While Neil has no issue in meeting girls – though they often turn out to be middle-aged women – Jay puts on a machismo show, often claiming to have had wildly improbable sexual relations that do not match his dorky persona. His friends are all too aware of his propensity to bullshit. Yet, for the most part, it remains unchallenged. On the surface, this is not great. Yet, on a social scale, The Inbetweeners is a reflection of the messages society often feeds young men. Entitlement, a fear of anything that may be deemed ‘feminine’ behaviour, and an assumption that sex is a rite of passage that must be conducted with the nearest, most available willing female to hand.
Watching this back in the day, about two years after the original release, I had assumed Phil Gilbert, the head of Sixth Form (Greg Davies) was, for want of a better phrase, a bit of a dick.
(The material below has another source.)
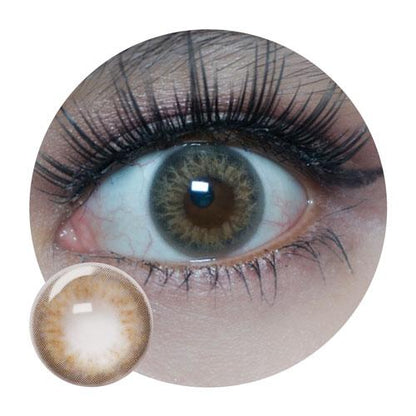 Sweety Taylor Brown (1 lens/pack)-Colored Contacts-SweetyCon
However, watching it again 10 years on, he is the surrogate audience hero we don’t deserve. Davies excellently portrays the exasperated, no-bullshit role of a secondary school teacher-slash-misanthrope who has literally had his fill of schoolboy antics, and throughout the three seasons has a number of notable moments that show the show’s self-awareness. He has approximately zero time for undue parental concern and seems to delight in making things as difficult for our protagonists as possible.
While Mr. Gilbert fails to in any way rehabilitate the attitudes of the protagonists or remotely address their miscreant behaviour aside from dishing out repeated detentions, he does serve as the one dissenting voice present throughout the three seasons. While Will, Simon, Jay and Neil get into varying degrees of bother on a regular basis, their parents forgive them a host of behaviours that Mr. Gilbert refuses to let them away with anything short of exemplary conduct, dishing out detentions left right and centre.
If you were unfamiliar with the show, it may sound an almost unflinching, albeit outdated, rendition of secondary school life. Yet, set in a south-west London comprehensive school, The Inbetweeners is often painfully accurate and offers viewers a regular dose of second-hand embarrassment. While I don’t for a moment imagine that at the time the show offered anything by way of educating young people on how not to be like our protagonists, I do believe it has a purpose.
Perhaps that purpose is simply laughing at the things we teach young men, and hoping for a better future. Perhaps that purpose is to appreciate the bitter cynicism Mr. Gilbert has to offer and be glad that Davies brought to life the sort of teacher I would probably find myself being should I have chosen to enter into the education sector. Without a doubt, Mr. Gilbert holds a mirror of terrifyingly large proportions up to the inbetweeners, and while they don’t seem to see themselves reflected back in it, it’s certainly funny to behold.
And to that I’d like to say, in the words of Will: Thank you, Mr. Gilbert.